What the task asks = Exactly the lines from the top of the records below through the one containing "Paruka - dlouhá - černobílá" must be set down, with no line added or dropped.

Data supplied =
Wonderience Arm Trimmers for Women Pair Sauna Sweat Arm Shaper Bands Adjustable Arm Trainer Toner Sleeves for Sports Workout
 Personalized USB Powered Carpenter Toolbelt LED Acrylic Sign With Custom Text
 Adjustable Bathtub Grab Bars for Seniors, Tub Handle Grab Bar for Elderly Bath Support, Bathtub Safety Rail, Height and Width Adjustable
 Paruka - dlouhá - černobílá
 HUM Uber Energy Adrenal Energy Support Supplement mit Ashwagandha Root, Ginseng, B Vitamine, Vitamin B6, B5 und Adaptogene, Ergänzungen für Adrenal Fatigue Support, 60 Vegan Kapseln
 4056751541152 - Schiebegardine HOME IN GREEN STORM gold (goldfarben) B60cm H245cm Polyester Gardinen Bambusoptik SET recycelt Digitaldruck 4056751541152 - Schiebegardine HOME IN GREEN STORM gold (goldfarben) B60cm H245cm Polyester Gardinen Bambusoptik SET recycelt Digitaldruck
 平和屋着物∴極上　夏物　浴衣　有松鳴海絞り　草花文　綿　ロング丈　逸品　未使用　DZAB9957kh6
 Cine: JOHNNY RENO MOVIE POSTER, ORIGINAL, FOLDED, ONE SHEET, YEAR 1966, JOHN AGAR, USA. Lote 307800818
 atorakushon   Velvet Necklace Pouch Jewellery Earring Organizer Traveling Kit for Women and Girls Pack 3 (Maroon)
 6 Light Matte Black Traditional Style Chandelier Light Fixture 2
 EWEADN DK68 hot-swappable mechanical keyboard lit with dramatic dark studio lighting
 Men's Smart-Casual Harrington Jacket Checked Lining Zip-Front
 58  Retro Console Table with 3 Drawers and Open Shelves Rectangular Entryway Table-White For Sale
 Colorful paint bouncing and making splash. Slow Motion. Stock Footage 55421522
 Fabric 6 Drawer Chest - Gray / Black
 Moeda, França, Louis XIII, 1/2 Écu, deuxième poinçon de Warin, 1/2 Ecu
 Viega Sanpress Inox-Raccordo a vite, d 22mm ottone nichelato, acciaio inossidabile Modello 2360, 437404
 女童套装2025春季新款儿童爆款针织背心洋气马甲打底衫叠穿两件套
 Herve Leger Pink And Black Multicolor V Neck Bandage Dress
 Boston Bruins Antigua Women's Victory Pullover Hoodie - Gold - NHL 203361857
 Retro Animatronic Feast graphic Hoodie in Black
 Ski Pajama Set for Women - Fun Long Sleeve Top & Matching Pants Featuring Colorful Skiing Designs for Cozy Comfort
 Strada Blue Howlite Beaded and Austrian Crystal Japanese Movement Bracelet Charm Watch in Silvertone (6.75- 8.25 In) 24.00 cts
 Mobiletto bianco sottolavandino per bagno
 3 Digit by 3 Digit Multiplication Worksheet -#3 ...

Exercise response =
Wonderience Arm Trimmers for Women Pair Sauna Sweat Arm Shaper Bands Adjustable Arm Trainer Toner Sleeves for Sports Workout
 Personalized USB Powered Carpenter Toolbelt LED Acrylic Sign With Custom Text
 Adjustable Bathtub Grab Bars for Seniors, Tub Handle Grab Bar for Elderly Bath Support, Bathtub Safety Rail, Height and Width Adjustable
 Paruka - dlouhá - černobílá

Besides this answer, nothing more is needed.